Awards ahoy! **UPDATED**

Ditmar winners
Best Novel - Tender Morsels by Margo Lanagan
Best Artwork - Tales from Outer Suburbia by Shaun Tan
Speech Pathology Book of the Year Awards 2009 short-listers
Mahtab's Story by Libby Gleeson
Pip: The Story of Olive by Kim Kane
I'm Still Awake, Still! by Elizabeth Honey & Sue Johnson
Tiny by Jennifer Castles & Steve Otton
The Wilderness Society's Environment Award for Children's Literature short-listers
The Big Picture Book of Environments by John Long
Chelonia Green, Champion of Turtles by Christobel Mattingley
The Dog that Dumped on My Doona by Barry Jonsberg

Ooo look! More! More! Hooray!

Australian Book Industry Awards for 2009 short-listers
Book of the Year & Illustrated Book of the Year -
Tales from Outer Suburbia by Shaun Tan
Book of the Year, Older Children -
Pip: The Story of Olive by Kim Kane

Congratulations one and all!

10 June 2009

09 June 2009

A heartbreaking genius of staggering work

We didn't really need anything more to fuel our Dave Eggers crush, but he thoughtfully provided some dry kindling (and his email address!) anyway.

Worried that people aren't reading any more? That print is dead? Never fear, because a new superhero in the form of Dave Eggers is here, ready to persuade you otherwise.

Eggers ends with a rousing call for the future of print. "This is a time to roar back and assert and celebrate the beauty of the printed page," he says. "Give people something to fight for, and they will fight for it. Give something to pay for, and they'll pay for it."
Read the full Guardian article here.

04 June 2009

Mrs Malaprop is in the House

Words you don't want to get mixed up:
affluent - effluent
elicit - illicit
eminent - imminent
evade - invade
desert - dessert
deviate - deviant
gorilla - guerrilla
in appropriate - inappropriate

New verb in the House of Onion:
romanise (verb) - Colloquial rom
[usage: Please rom that itals entry to indicate it has progressed from pending to final.]

Suspicious verbs we have encountered recently:
birthday (verb)*
We will birthday that scheduling strategy next week.

Phrases that are almost common, but not quite:
Slow as a wet weak
Towing the line
To wet your appetite
For all intensive purposes
Nip it in the butt**
To dry reach
A hare's breath
One in the same
No if, sands, or buts
Anchors away
One fowl swoop [Unless it is a chicken leaping off its hutch!]***
One foul swoop [not much better]
Slight-of-hand [The sleight-of-hand magicians might also be slight of hand if they are small-boned.]
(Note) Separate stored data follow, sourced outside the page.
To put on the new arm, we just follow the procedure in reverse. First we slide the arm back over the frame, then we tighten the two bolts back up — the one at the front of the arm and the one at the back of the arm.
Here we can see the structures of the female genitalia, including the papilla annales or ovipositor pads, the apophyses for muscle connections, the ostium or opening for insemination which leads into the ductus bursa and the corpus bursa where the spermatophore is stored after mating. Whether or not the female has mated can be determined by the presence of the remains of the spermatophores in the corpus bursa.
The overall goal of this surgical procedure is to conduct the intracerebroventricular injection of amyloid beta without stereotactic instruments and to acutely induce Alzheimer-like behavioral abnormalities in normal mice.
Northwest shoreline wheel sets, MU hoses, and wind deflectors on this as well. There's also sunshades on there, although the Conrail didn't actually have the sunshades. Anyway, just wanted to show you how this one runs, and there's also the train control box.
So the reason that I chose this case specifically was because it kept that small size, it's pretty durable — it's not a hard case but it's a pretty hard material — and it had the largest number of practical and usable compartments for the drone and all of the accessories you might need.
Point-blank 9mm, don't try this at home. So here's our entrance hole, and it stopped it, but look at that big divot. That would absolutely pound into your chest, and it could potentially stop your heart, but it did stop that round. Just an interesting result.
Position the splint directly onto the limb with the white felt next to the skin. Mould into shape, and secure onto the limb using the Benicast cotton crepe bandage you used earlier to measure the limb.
The moment we stepped foot in the murky waters of misused phrases, we knew there would be much to do about nothing, but we decided to play it by year...

*Thanks to Lili for bringing this one to our attention.
** This is so hilarious we can't look at it without laughing.
***Although, it has to be said, Macduff might be partially to blame for muddying these waters given that in the same breath he calls Macbeth a 'hell-kite' who has done away with all his 'pretty chickens'.